Returning to Baggins, I find the comments on his article very educational. It is a very long thread and among numerous comments, I appreciate the response of R. Scott Clark the most especially his comment clarifying the relationship between the law and the gospel from John Calvin to John Murray. Reading the collection of quotes is most insightful particularly in reading J. Gresham Machen’s statement. Allow me to quote it again here:
“A new and more powerful proclamation of law is perhaps the most pressing need of the hour; men would have little difficulty with the gospel if they had only learned the lesson of the law. As it is, they are turning aside from the Christian pathway; they are turning to the village of Morality, and to the house of Mr. Legality, who is reported to be very skillful in relieving men of their burdens…” – J. Gresham Machen (1881-1937).
Since the original question is about finding for a “mechanism” to preach both the law and the gospel, I think Herman Witsius somehow gave a hint how to answer the question. Specifically, Witsius’ answer was a response to the question about the exact order the preaching of the law and the gospel to be conducted. For him, the question is inappropriate. He said, “To me the question seems almost superfluous and unprofitable, since the preaching of both (referring both to the law and the gospel) should always be conjoined.”

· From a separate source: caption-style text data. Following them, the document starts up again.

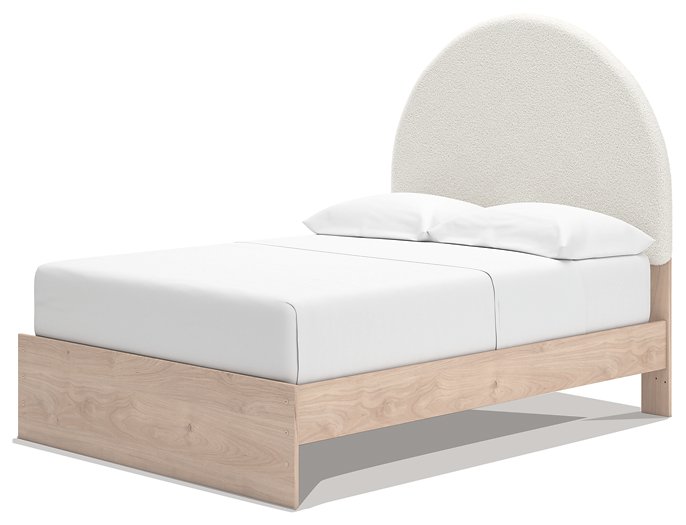 Arloster Upholstered Bed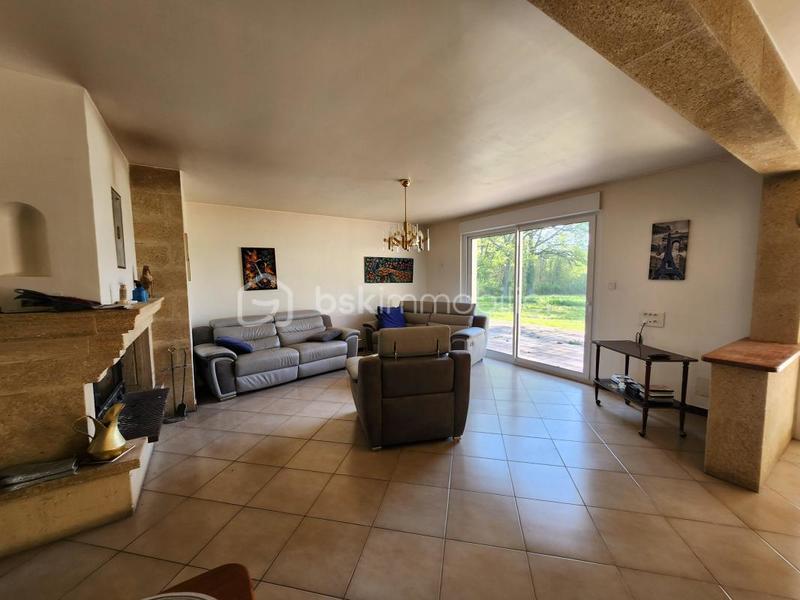 Pavillon - 233 m² - 6 pièces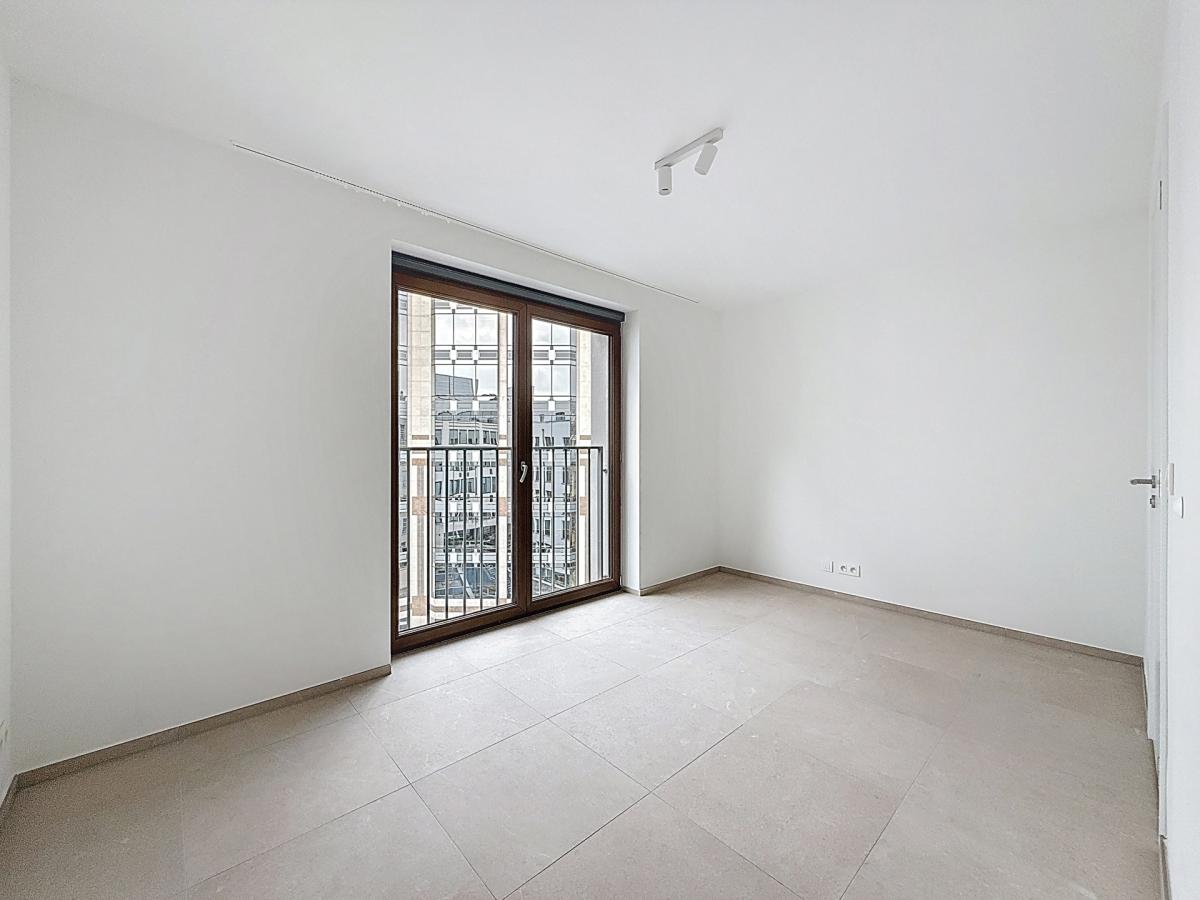 JOURDAN : Bel appartement neuf 3 CH + Terrasse
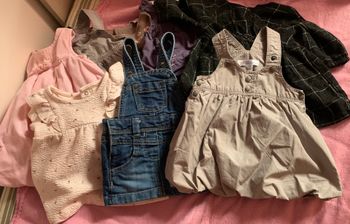 Lot robe 1 mois bébé fille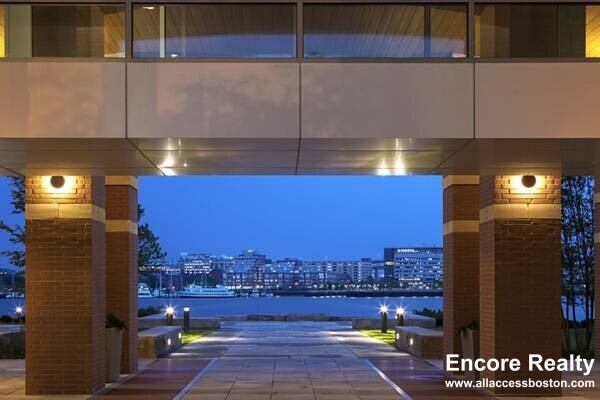 Foto del edificio - 126 Border St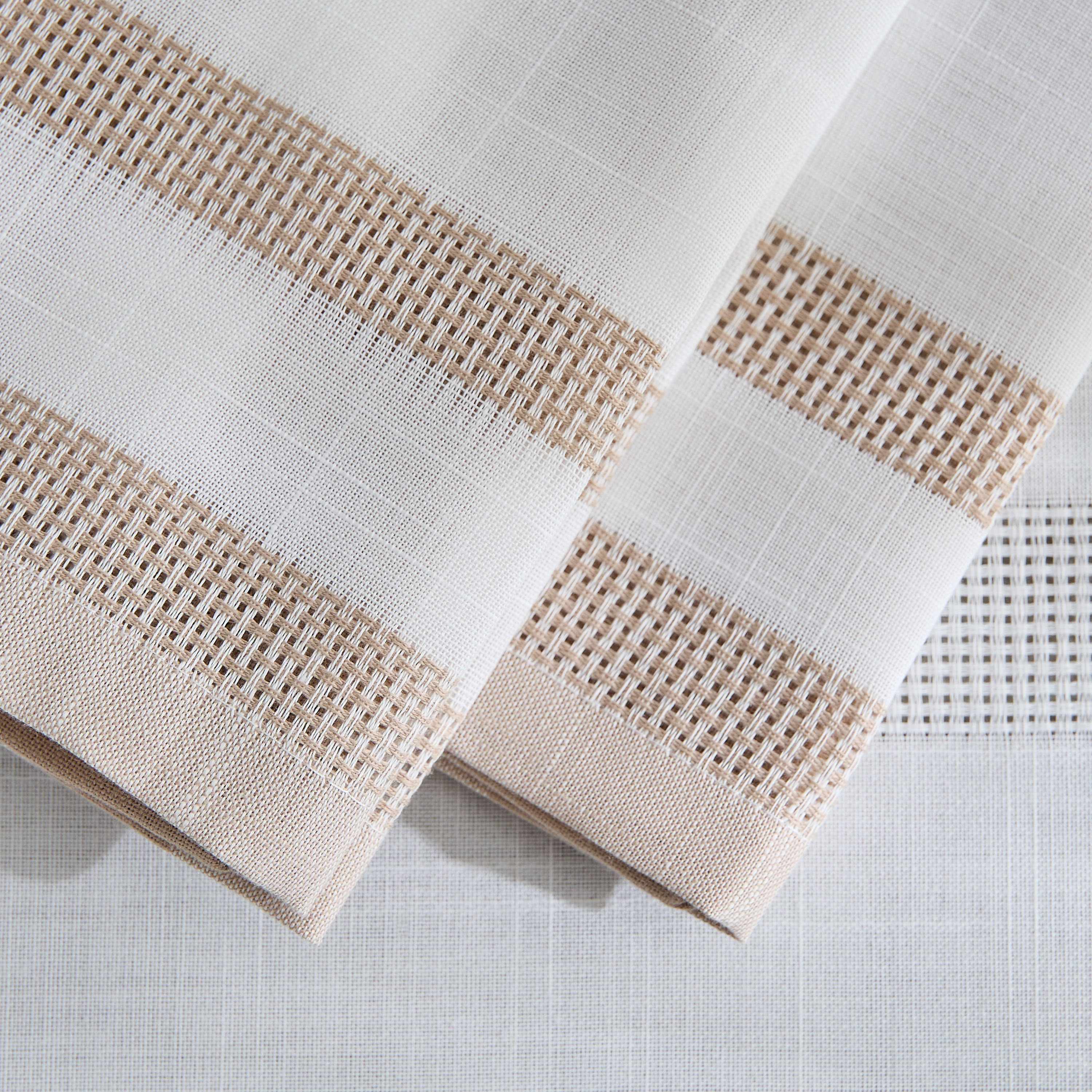 طقم مناديل سفرة بمظهر كتان قطعتين من لاسيل - 40x40 سم-hbxdecorandfurnishings-homefurnishings-tablelinens-image-3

And this is the reason why I find Bryan Chapell’s homiletical approach relevant. Chapell popularized the idea of Fallen Condition Focus (FCF). Personally, I see in FCF the practical “mechanism” to resolve the difficulty in preaching both the law and the gospel in a sermon. By finding the FCF of a specific biblical text, you will find both the “law” and the “gospel”. An FCF identifies a specific problem or sin dealt by the biblical author, which contemporary listeners could relate similar to the condition of the original recipients. By discovering the problem dealt by the biblical text, we will also find the redemptive message in it.